Copy, exactly and without additions, every line in the records below from the one holding "混合痔手术治疗方法有哪些" through the one holding "WOW Skin Science", both ends included.

§

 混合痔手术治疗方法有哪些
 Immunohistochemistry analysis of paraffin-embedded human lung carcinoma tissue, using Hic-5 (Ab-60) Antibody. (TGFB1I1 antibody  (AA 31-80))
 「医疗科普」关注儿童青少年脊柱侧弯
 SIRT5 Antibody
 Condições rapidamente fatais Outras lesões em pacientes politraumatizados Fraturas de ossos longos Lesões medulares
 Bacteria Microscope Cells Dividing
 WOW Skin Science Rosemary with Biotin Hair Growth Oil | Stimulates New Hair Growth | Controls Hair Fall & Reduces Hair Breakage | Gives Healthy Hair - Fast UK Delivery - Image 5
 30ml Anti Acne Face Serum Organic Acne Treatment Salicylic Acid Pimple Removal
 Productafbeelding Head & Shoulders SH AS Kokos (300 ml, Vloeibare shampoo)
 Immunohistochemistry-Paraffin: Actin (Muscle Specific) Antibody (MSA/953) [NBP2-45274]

§

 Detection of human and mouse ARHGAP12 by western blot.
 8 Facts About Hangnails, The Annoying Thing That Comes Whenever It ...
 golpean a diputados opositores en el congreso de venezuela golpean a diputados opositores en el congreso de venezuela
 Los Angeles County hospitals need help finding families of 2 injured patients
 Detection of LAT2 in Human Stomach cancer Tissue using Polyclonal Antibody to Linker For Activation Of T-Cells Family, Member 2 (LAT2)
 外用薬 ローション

§

**Completed task**
 混合痔手术治疗方法有哪些
 Immunohistochemistry analysis of paraffin-embedded human lung carcinoma tissue, using Hic-5 (Ab-60) Antibody. (TGFB1I1 antibody  (AA 31-80))
 「医疗科普」关注儿童青少年脊柱侧弯
 SIRT5 Antibody
 Condições rapidamente fatais Outras lesões em pacientes politraumatizados Fraturas de ossos longos Lesões medulares
 Bacteria Microscope Cells Dividing
 WOW Skin Science Rosemary with Biotin Hair Growth Oil | Stimulates New Hair Growth | Controls Hair Fall & Reduces Hair Breakage | Gives Healthy Hair - Fast UK Delivery - Image 5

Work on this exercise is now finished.